Dec 3, 2007 (CIDRAP News) – Veterinary officials in Poland today said H5N1 avian influenza has struck two turkey farms, the country's first reported outbreak in domestic birds, amid reports that meat contaminated with the virus was sold to consumers.
The farms are located near the town of Plock, in eastern Poland, according to a report today from the World Organization for Animal Health (OIE). Plock is about 60 miles northwest of Warsaw. The outbreaks, which began on Nov 30, killed 60 birds on one farm and 300 on the other. A total of 4,245 remaining birds were culled on the two farms, the OIE report said.
Samples were sent to the National Veterinary Research Institute in Pulawy, Poland, where they were confirmed as positive for H5N1 on Dec 1.

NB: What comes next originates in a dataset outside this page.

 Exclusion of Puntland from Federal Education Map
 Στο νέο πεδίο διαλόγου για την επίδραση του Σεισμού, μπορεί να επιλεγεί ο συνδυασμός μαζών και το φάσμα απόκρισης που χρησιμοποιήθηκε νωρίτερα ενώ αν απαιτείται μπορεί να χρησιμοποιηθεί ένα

Poland last found H5N1 in birds in the spring of 2006, when it was detected in wild swans and other waterfowl, according to earlier OIE reports.
With the latest outbreak, Poland becomes the eighth European country to report an H5N1 outbreak this year. In October, the United Nations Food and Agriculture Organization (FAO) warned that apparently healthy ducks and geese in Europe could be harboring the H5N1 virus.
Prime minister Donald Tusk, speaking with reporters 2 days ago, said there was "no reason to panic," according to an Associated Press report.
In related developments, a spokeswoman for the Sanitary Inspectorate in Poland's Pomorze region, said today that two warehouses distributed about 1,060 pounds of H5N1-tainted turkey meat to area retail outlets, Polskie Radio news reported on its Web site today. The Pomorze region is in northern Poland near the border with Germany.
Anna Obuchowska, the spokeswoman, told Polskie Radio that authorities were trying to track down the remaining meat in food shops, but said most of it was probably already in consumers' homes, because it had been delivered to stores at the beginning of the previous week.
Health officials are monitoring the health of store employees, the news report said.
Elsewhere, animal-health officials in Bangladesh reported more H5N1 outbreaks in poultry in the northwestern part of the country, according to a Dec 1 report from Reuters.
The latest outbreak struck a village in Pabna district, about 100 miles from Dhaka, the capital, an official from the fisheries and livestock ministry told Reuters. Workers culled 6,000 chickens and destroyed more than 2,500 eggs to stamp out the outbreak, the report said.
Twenty of Bangladesh's 64 districts have now reported H5N1 outbreaks in poultry, the Reuters report said.